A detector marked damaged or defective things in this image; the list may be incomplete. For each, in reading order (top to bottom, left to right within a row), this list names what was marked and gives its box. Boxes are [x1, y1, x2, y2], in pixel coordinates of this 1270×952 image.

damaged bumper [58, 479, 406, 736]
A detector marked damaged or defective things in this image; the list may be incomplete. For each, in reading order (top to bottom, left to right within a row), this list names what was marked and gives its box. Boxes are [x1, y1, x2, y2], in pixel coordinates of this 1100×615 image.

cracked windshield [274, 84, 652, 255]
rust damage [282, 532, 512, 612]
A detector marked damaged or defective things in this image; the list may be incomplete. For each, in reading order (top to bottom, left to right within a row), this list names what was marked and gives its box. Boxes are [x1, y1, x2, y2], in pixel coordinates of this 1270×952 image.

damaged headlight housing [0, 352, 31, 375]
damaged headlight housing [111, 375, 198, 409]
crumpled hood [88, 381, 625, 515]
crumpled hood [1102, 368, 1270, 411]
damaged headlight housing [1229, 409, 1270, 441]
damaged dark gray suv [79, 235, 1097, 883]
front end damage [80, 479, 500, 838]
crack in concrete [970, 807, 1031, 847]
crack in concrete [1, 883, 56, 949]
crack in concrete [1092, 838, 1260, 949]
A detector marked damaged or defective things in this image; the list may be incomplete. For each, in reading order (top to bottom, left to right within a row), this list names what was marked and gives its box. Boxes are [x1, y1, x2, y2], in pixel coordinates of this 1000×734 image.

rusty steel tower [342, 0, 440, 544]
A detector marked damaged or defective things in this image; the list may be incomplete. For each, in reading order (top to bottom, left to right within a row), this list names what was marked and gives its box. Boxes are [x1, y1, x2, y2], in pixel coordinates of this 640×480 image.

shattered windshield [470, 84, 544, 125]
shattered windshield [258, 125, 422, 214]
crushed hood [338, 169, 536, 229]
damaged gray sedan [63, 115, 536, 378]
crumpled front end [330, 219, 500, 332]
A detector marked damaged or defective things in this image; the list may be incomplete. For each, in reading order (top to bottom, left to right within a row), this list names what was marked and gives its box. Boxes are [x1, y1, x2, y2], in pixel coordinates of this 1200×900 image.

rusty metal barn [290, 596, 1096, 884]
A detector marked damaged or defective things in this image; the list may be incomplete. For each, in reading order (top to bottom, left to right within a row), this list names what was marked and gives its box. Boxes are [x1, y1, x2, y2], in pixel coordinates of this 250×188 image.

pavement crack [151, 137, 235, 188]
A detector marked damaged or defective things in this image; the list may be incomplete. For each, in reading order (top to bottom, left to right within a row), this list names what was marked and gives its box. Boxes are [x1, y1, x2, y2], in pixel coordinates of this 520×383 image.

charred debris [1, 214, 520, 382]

### What the task asks
Restate each of the entries above verbatim.

### Answer for this exercise
A detector marked damaged or defective things in this image; the list may be incomplete. For each, in reading order (top to bottom, left to right within a row), this list names what was marked and gives its box. Boxes are [x1, y1, x2, y2], in pixel coordinates of this 1270×952 image.

damaged bumper [58, 479, 406, 736]
A detector marked damaged or defective things in this image; the list may be incomplete. For each, in reading order (top to bottom, left to right within a row), this list names what was marked and gives its box. Boxes are [x1, y1, x2, y2], in pixel coordinates of this 1100×615 image.

cracked windshield [274, 84, 652, 255]
rust damage [282, 532, 512, 612]
A detector marked damaged or defective things in this image; the list may be incomplete. For each, in reading order (top to bottom, left to right within a row), this list names what was marked and gives its box. Boxes are [x1, y1, x2, y2], in pixel coordinates of this 1270×952 image.

damaged headlight housing [0, 352, 31, 375]
damaged headlight housing [111, 375, 198, 409]
crumpled hood [88, 381, 625, 515]
crumpled hood [1102, 368, 1270, 411]
damaged headlight housing [1229, 409, 1270, 441]
damaged dark gray suv [79, 235, 1097, 883]
front end damage [80, 479, 500, 838]
crack in concrete [970, 807, 1031, 847]
crack in concrete [1, 883, 56, 949]
crack in concrete [1092, 838, 1260, 949]
A detector marked damaged or defective things in this image; the list may be incomplete. For each, in reading order (top to bottom, left to right within a row), this list names what was marked and gives its box. Boxes are [x1, y1, x2, y2], in pixel coordinates of this 1000×734 image.

rusty steel tower [342, 0, 440, 544]
A detector marked damaged or defective things in this image; the list may be incomplete. For each, in reading order (top to bottom, left to right within a row), this list names what was marked and gives its box. Boxes are [x1, y1, x2, y2], in pixel coordinates of this 640×480 image.

shattered windshield [470, 84, 544, 125]
shattered windshield [258, 125, 422, 214]
crushed hood [338, 169, 536, 229]
damaged gray sedan [63, 115, 536, 378]
crumpled front end [330, 219, 500, 332]
A detector marked damaged or defective things in this image; the list may be incomplete. For each, in reading order (top to bottom, left to right within a row), this list names what was marked and gives its box. Boxes are [x1, y1, x2, y2], in pixel coordinates of this 1200×900 image.

rusty metal barn [290, 596, 1096, 884]
A detector marked damaged or defective things in this image; the list may be incomplete. For each, in reading order (top to bottom, left to right within a row), this list names what was marked and gives its box. Boxes are [x1, y1, x2, y2], in pixel coordinates of this 250×188 image.

pavement crack [151, 137, 235, 188]
A detector marked damaged or defective things in this image; the list may be incomplete. For each, in reading order (top to bottom, left to right within a row), this list names what was marked and gives its box. Boxes are [x1, y1, x2, y2], in pixel coordinates of this 520×383 image.

charred debris [1, 214, 520, 382]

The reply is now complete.